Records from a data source
● ● ●
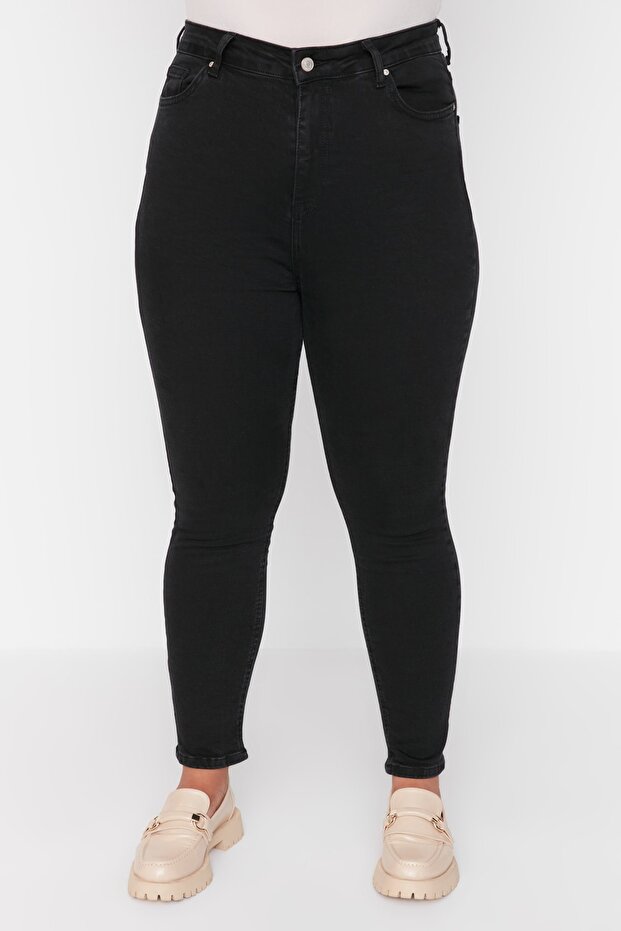 Siyah Yüksek Bel Dar Paça Esnek Skinny Büyük Beden Jeans TBBAW23CJ00032 - 3
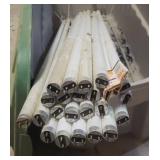 Extra Large Tote with Lid and 24 - 48in Florescent Bulbs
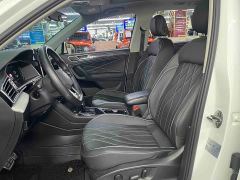 Volkswagen Tiguan L 330TSI Automatic FWD R-Line Comfort Edition - photo 17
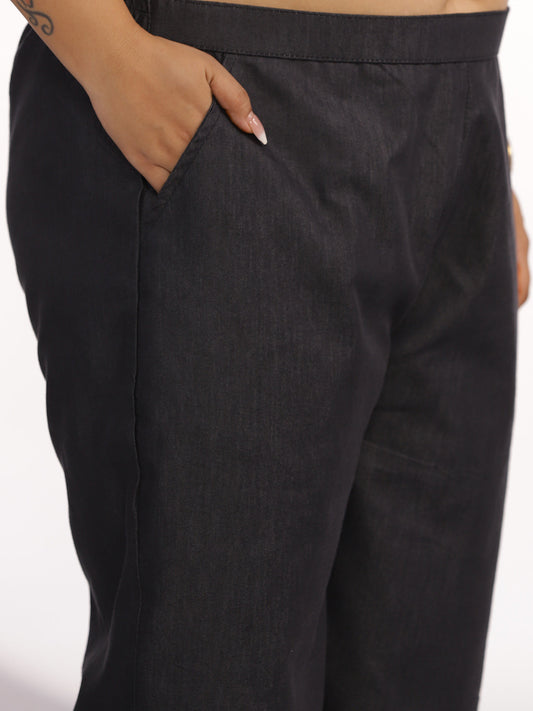 Black denim Jorts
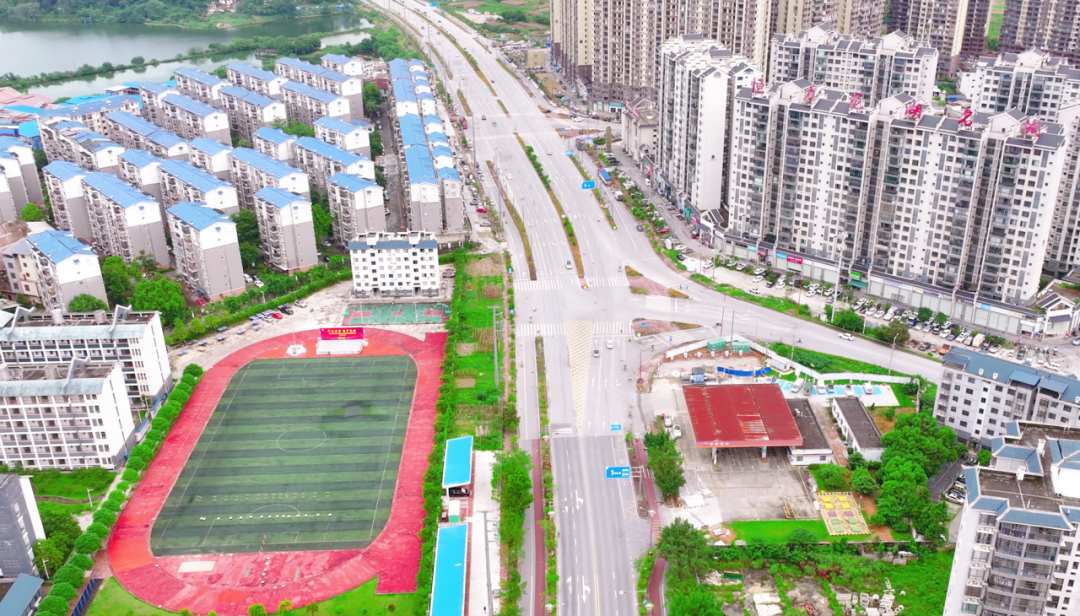 通过上林这个路口，注意减速慢行！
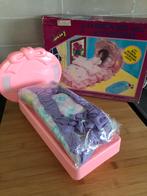 Barbie bed, Enfants & Bébés, Jouets | Poupées, Comme neuf, Enlèvement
● ● ●
WHAT TO PRODUCE
Omitting all pictures, restate word for word the lines from the one containing "通过上林这个路口，注意减速慢行！" through the last line of the data.

PROBLEM SOLUTION
 通过上林这个路口，注意减速慢行！
 Barbie bed, Enfants & Bébés, Jouets | Poupées, Comme neuf, Enlèvement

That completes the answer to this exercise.